Most DAWN hospitals are covered by Federal regulations that protect the privacy of individually identifiable health information. These regulations, issued pursuant to the Health Insurance Portability and Accountability Act of 1996 (HIPAA), are commonly known as the "HIPAA Privacy Rule."

Many hospitals have questions about how it is possible to participate in DAWN and comply with the HIPAA Privacy Rule. This section provides answers to the most common questions about DAWN and HIPAA.

Is participation in DAWN permitted under HIPAA?
Yes. Disclosure of protected health information to DAWN is permitted under the Federal privacy standards. The "Privacy Rule" — at 45 CFR 164.512(b)(1) — permits covered entities (hospitals) to disclose protected health information - without patient authorization - to a public health authority authorized by law to receive such information for the purpose of public health surveillance. The Substance Abuse and Mental Health Services Administration (SAMHSA) is a public health authority authorized by law (Section 505 of the Public Health Service Act) to collect data from hospitals on drug-related emergency department visits. Westat operates DAWN under contract to SAMHSA, thereby serving as a public health authority for the purpose of collection and processing DAWN data.
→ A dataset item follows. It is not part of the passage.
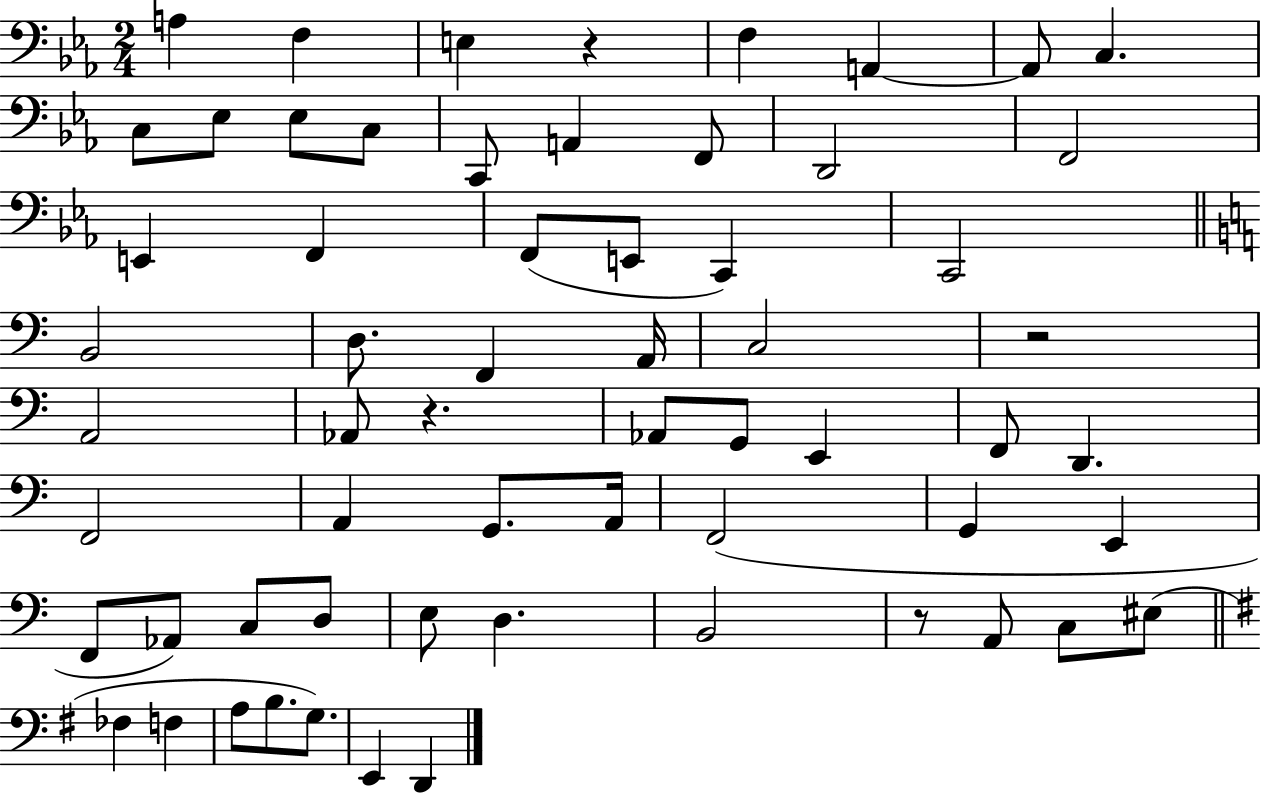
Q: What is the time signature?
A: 2/4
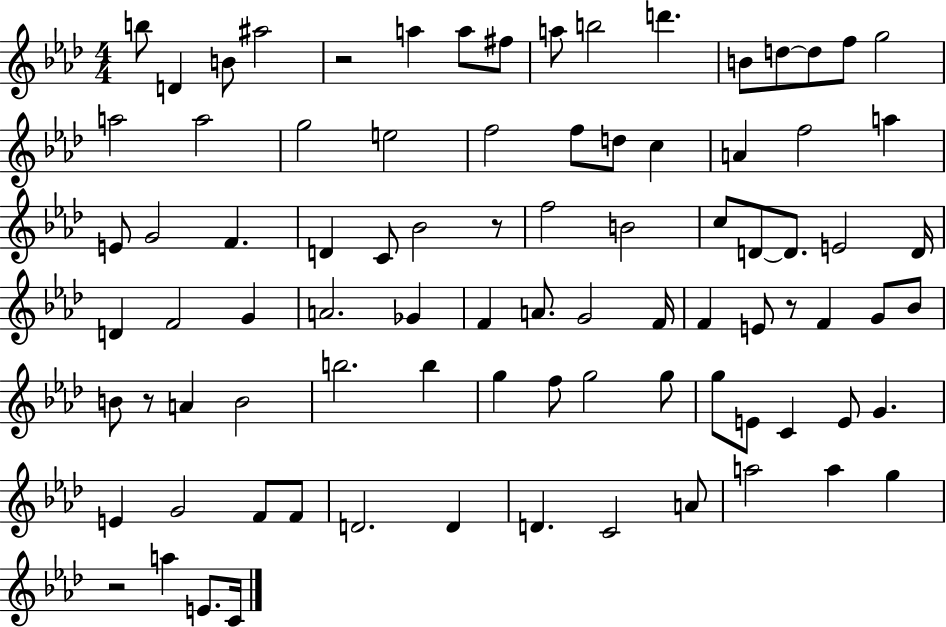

Consistent with the Privacy Rule, we request only the minimum information necessary to fulfill DAWN's function as a public health surveillance system. Data are used only for public health and associated statistical purposes (e.g., for monitoring trends in drug-related morbidity). SAMHSA and Westat are prohibited by Federal law from using DAWN data for any other purpose.

Do we need to sign a Business Associate Agreement with Westat?
No. Under the Privacy Rule, covered entities may disclose protected health information to legally sanctioned public health authorities that are not business associates. For example, hospitals routinely disclose protected health information to public health agencies that track infectious diseases. Receipt of such disclosures does not make those agencies business associates of the hospital.

Are there protections on our data once they are submitted to DAWN?
Yes. SAMHSA and its agents are bound by the confidentiality provisions in Section 501(n) of the Public Health Service Act (42 U.S.C. 290aa) and in Title V of the E-Government Act of 2002 (P.L. 107-347). These laws prohibit SAMHSA from using identifiable information for any purpose other than the purpose for which it was collected, without the consent of the establishment or individual providing the information. SAMHSA collects and uses DAWN data only for public health surveillance, to monitor drug-related morbidity at the local and national levels. Identifiable data are used only for these purposes; data are released only in de-identified form; and information is published only in aggregate form. Unlawful disclosures of information by employees of SAMHSA or Westat are subject to stiff penalties of up to 5 years in prison and fines of up to $250,000.

Can Westat help us account for disclosures to DAWN?
Yes. Under the Privacy Rule, covered entities must account for disclosures of protected health information for public health. Westat can produce an accounting of disclosures for DAWN that fully complies with the Privacy Rule’s accounting provisions as interpreted by the Office for Civil Rights, the agency responsible for HIPAA implementation and enforcement. Such an accounting can be made available to you upon or request, or on a set schedule of your choosing.